Sunday, April 5, 2009

April Snowstorm

Southeast Minnesota is in the midsts of a winter storm warning today, but so far, at least, it must be skimming along south of us. We woke up to a half an inch of snow and it is snowing and blowing now, but too warm to really stick and set back spring for long.

The storm is blowing from the northwest and has plastered that side of all the trees with sticky white snow.

It's too blustery to accomplish our outside To-Do list (making rainbarrels, building compost bins, pulling buckthorn, installing windows in the granary) so I guess I will tackle the much- dreaded but much-needed task of organizing my office today. I intend to move our ever-growing library of gardening and farming books to my office so they aren't in stacks all over the house.
While there is a distinct tinge of green to the landscape now (well, covered by white today) but it's still pretty much monochromatic brown outside. Needing a blast of spring color, I succumbed to purchasing a potted lily last week.
Just five weeks until our average frost-free date!


On another note, we now have TWO chickens laying eggs! The yolks are often very deep orange--here is a comparison--a store-bought organic egg on the left and an egg from one of our hens on the right.

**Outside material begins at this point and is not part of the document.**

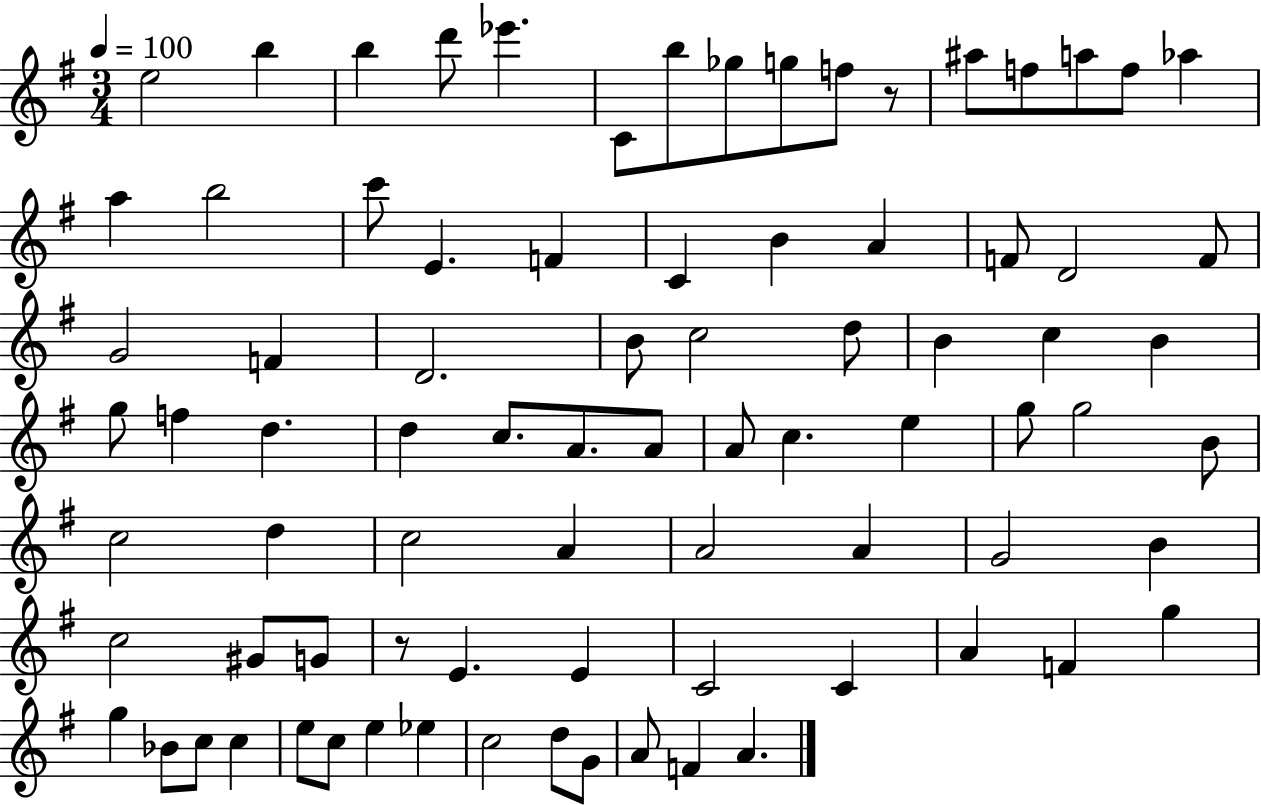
E5/h B5/q B5/q D6/e Eb6/q. C4/e B5/e Gb5/e G5/e F5/e R/e A#5/e F5/e A5/e F5/e Ab5/q A5/q B5/h C6/e E4/q. F4/q C4/q B4/q A4/q F4/e D4/h F4/e G4/h F4/q D4/h. B4/e C5/h D5/e B4/q C5/q B4/q G5/e F5/q D5/q. D5/q C5/e. A4/e. A4/e A4/e C5/q. E5/q G5/e G5/h B4/e C5/h D5/q C5/h A4/q A4/h A4/q G4/h B4/q C5/h G#4/e G4/e R/e E4/q. E4/q C4/h C4/q A4/q F4/q G5/q G5/q Bb4/e C5/e C5/q E5/e C5/e E5/q Eb5/q C5/h D5/e G4/e A4/e F4/q A4/q.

Our chickens really love to eat the skins of baked squash and sweet potatoes--could that be why the yolks are so orange?

4 comments:

Anonymous said...

Interesting theory on the yoke colour and the squash skins -- it could very well be! Diet does play a large role in yoke colour, I think. I've always been told the more orange the egg, the fresher.

Michael J. Sandberg said...

What happened to http://www.susanwaughtal.net/ ?

Susan said...

Hi Michael,
Thanks for alerting me about my website. I had renewed my hosting contract but they didn't also renew my domain name--should be back up within 24 hours.

Susan said...

I was reading "Salad Bar Beef" by Joe Salatin, and in Chapter 5 he writes we are what we eat --and animals are what they eat. His main point is that we (as a society based on industrial farming) are now feeding cattle a very high-calorie, low vitamin and mineral diet and not letting them get exercise. He says the yellow marbled fat in grass-fed beef and the dark orange yolks of pastured poultry is from chlorophyll in the animal's diet and indicates low levels of saturated fat.